• SOURCE INFORMATION
□ □ □ □ □

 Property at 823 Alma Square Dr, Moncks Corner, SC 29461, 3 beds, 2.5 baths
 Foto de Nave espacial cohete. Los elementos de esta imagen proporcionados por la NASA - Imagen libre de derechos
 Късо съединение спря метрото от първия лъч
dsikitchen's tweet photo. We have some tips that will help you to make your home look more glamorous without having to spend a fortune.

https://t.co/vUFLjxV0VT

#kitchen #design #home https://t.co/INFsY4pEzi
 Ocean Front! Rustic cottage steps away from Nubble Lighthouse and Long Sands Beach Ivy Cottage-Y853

□ □ □ □ □

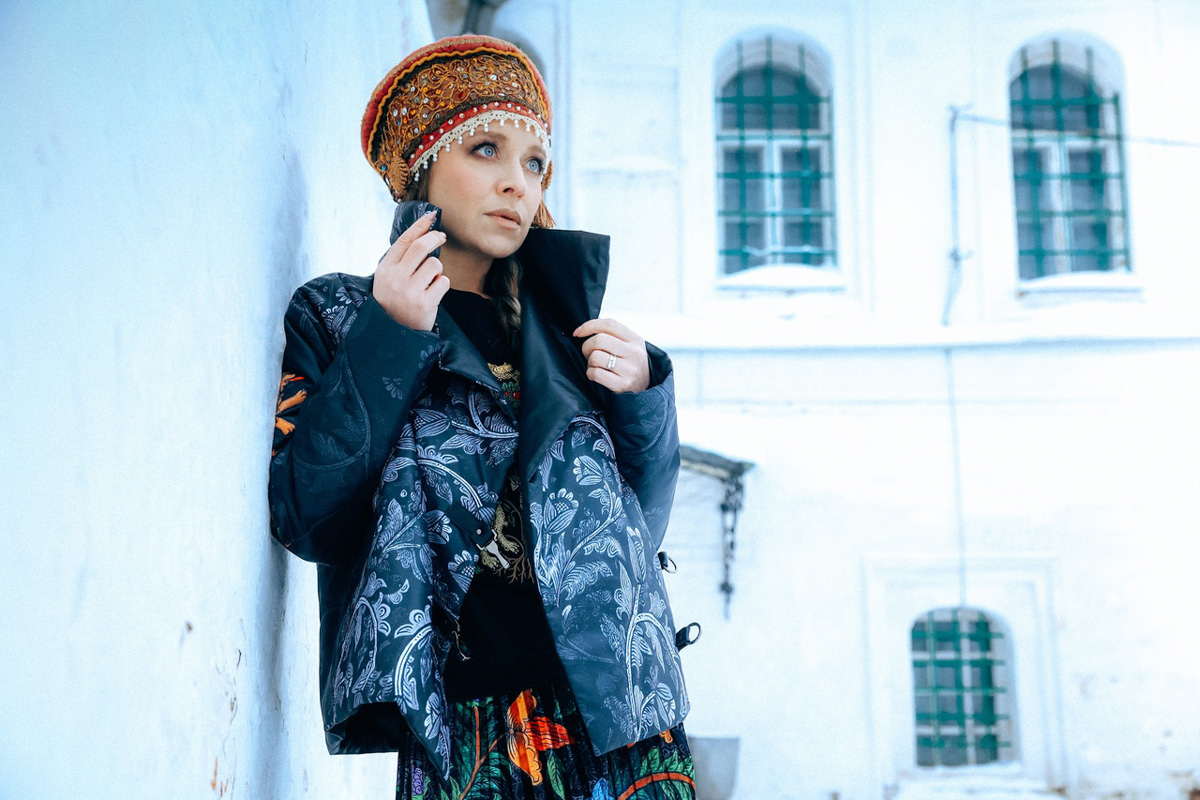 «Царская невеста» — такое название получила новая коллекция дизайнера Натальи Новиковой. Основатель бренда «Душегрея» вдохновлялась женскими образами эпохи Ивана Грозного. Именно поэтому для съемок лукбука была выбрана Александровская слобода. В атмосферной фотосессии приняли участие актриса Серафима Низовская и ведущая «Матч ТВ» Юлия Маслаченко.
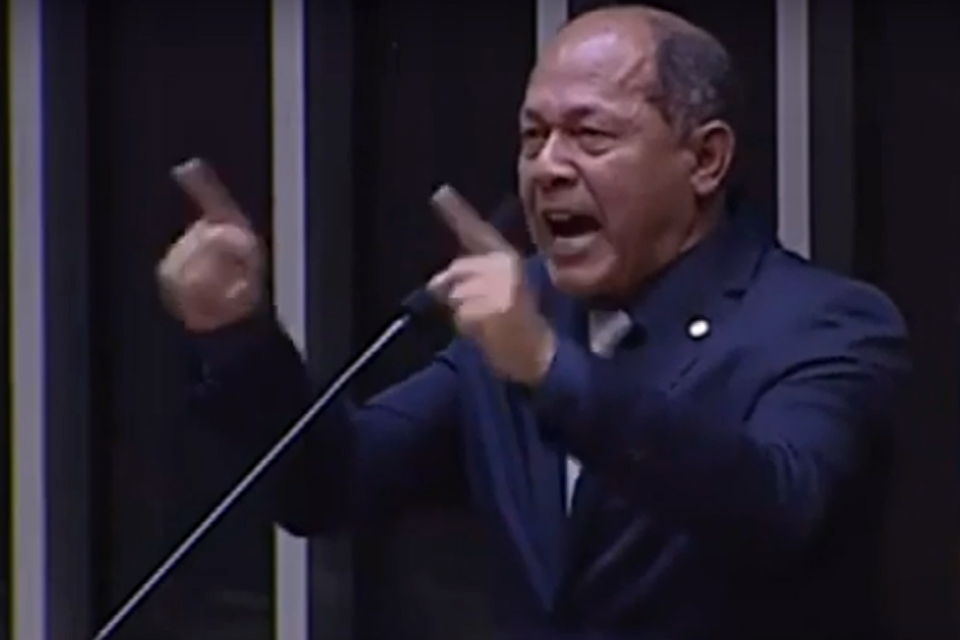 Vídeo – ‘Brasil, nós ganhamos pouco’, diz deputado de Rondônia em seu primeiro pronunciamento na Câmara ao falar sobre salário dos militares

□ □ □ □ □

Go through the entries above and report each line with the string "home" in it.

• REPLY TO THE TASK
dsikitchen's tweet photo. We have some tips that will help you to make your home look more glamorous without having to spend a fortune.
#kitchen #design #home https://t.co/INFsY4pEzi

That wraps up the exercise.